In her book, “An American Sickness,” Elisabeth Rosenthal has provided an excellent description of the dysfunction of the business model of health care delivery in the marketplace. On this basis alone it is an invaluable resource for every health policy library – home or institutional.
Rosenthal makes a valiant effort to describe what we can do about it, but she does so apparently under the assumption that we are going to have to live with this system for the indefinite future. Her recommendations largely require a very aggressive stance in dealing with the health care delivery system, especially with the business transactions. A limitation of this approach is that it requires not only access to the system by virtue of good insurance coverage or personal wealth, but it also requires a personality capable of rough-and-tumble negotiations. Most people would not really qualify and thus would not be effective in taking on the medical-industrial complex. She also quite appropriately recommends more aggressive regulation, though, except for the quite modest reforms of ACA, that has not been forthcoming in the environment of political polarization that has dominated the scene in the past few decades.

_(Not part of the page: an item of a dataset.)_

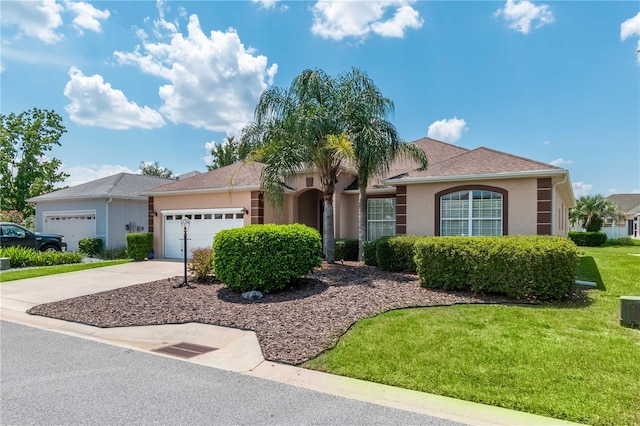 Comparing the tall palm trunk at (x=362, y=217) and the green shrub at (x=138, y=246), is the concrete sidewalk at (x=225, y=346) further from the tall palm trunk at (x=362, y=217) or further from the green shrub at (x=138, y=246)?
the tall palm trunk at (x=362, y=217)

However this “sickness” is unique in the United States, so hope springs from observing how other nations have made their systems work. I am going to yield to Yale political science professor Jacob Hacker, who also reviewed her book, to provide us with a description of what accounts for other nations’ success, but in one word, it is government.

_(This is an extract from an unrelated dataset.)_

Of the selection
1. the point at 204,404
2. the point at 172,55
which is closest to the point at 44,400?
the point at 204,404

Rosenthal mentions single payer, but is far too timid here, suggesting, at most, allowing individuals over 55 to purchase Medicare. It is true that single payer reform alone would not correct all of the sins of capitalizing on unfettered market opportunities for excess revenues, but changing the milieu from the market business model to the public patient service model would go a long way toward realigning incentives of the providers. It would be a refreshing environmental change to concentrate on how the health care needs of the patients can best be served instead of wasting time trying to figure out how to pull in more big bucks.